My favorite zombie movie though has to be The Return of the Living Dead, written and directed by the late Dan O'Bannon, sure it's a black comedy but the ending is so great. I won't give it away, but let's just say it doesn't end well for our heroes. O'Bannon was also responsible for the great ideas in Alien, specifically the facehugger scenes which he described as the most horrific fate a man could imagine, oral rape.
The zombies in RLD were fast and did not shut down or die when you destroyed the brain, leading one character to exclaim after they were discussing Night of the Living Dead "you mean the movie lied!?!" The latest round of zombie apocalypse stories take place after the big event has already occured. Max Brooks' World War Z is told as an oral history, Jonathan Maberry's Rot and Ruin series takes place fifteen years after First Night when the dead rose. Why not tell a story, based in our real world, that details the apocalypse itself?

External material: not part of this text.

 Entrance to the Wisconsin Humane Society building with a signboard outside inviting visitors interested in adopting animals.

A friend of mine says she loves disaster movies so much because they usually show humanity coming together and rising above themselves to meet the challenge. She has a really good heart and I have no doubt that she would rise up to meet a disaster, but what about the rest of us? After all, after 9/11 so many Americans were ready to do whatever was necessary and the president told us to go shopping. "Go shopping, visit Disneyland, we'll take care of this just be really scared when we tell you to and reelect the great president who kept us safe." Now, with polarization at practically a fever pitch, would it even be possible for us to "come together" in a huge zombie outbreak?
RLD put the fictional facts to ronnie reagan's "nine scariest words in the English language, 'I'm from the government and I'm hear to help.'" The deadly trioxin gas is released from a drum after James Karen's character says "no they don't leak, these things were made by the Army Corps of Engineers." Anyone remember the space shuttle blowing up a few years ago? That disaster occurred not because NASA is incompetent, but because the private contractors and sub-contractors cheaped out on maintanence. Tragic yes, but what if one of these incompetent contractors who bribed a congressman to get hold of lucrative contracts to secure one of DARPA's projects and cheaped out knowing that they wouldn't be held accountable?

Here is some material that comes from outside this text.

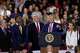 Republican Senate candidate Mike Rogers speaks as Rep. Tim Walberg, R-Mich., Rep. John James, R-Mich., President Donald Trump and Rep. Lisa McClain, R-Mich., listen at an event at the General Motors Proving Ground Monday, July 27, 2026, in Milford, Mich.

So, an improperly secured bunker at Ft. Meade or an equivalant base explodes due directly to privatization and corruption, showering nearby population centers with a trioxin-like gas that first kills you, then reanimates you as a shambling, aggressive zombie. It also mixes with rain and seeps into graveyards, further augmenting the ranks of the undead. The smaller amount of trioxin in the rain takes longer to kill people it falls on, allowing the "slow burn" cases to get out all over the place. Bites spread what becomes a contagion, but these first cases are completely reanimated so destroying the brain does not stop them. Burning the first wave simply releases the trioxin into the atmosphere and spreads the outbreak faster. Yee-Haw!
What happens next? In this story, all the things we have in the real world still exist, the canon of zombie literature that says shooting them in the head works. For people bitten it does, but not the first wave. Pile on to that our utterly disfunctional government, tea party people who hate taxes and such, fundamentalist wackos, nra gun maniacs, impotent suburbanites with no idea how to survive on their own, and of course the uber-rich schmucks who care far more about their ill-gotten loot than their country. I'd love somebody or something to convince me otherwise, but I don't believe there is enough goodwill or common ground for Americans to come together for this kind of disaster.

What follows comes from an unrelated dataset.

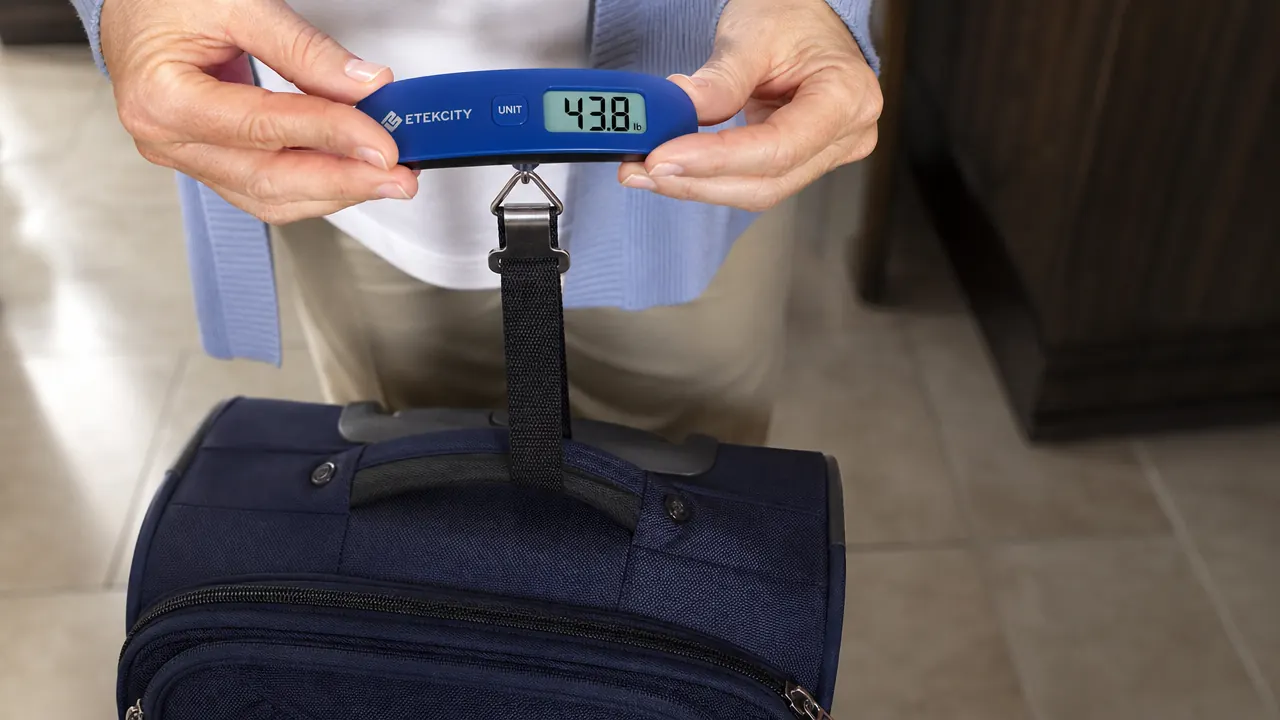 Etekcity digital luggage scale hooked onto a suitcase handle, displaying a weight reading in pounds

How do you think a government practically bankrupted by years of unneccessary wars of aggression, corporate welfare, and tax cuts for the greedy would fare? How would a society wrent by years of scapegoating, economic segregation, and culture war respond? Finally, how would the rest of the world react to a zombie apocalypse in the US? What do you think? Send me your ideas, I have never written a fiction story before. Or if there is a story like this out there already that I missed, let me know okay?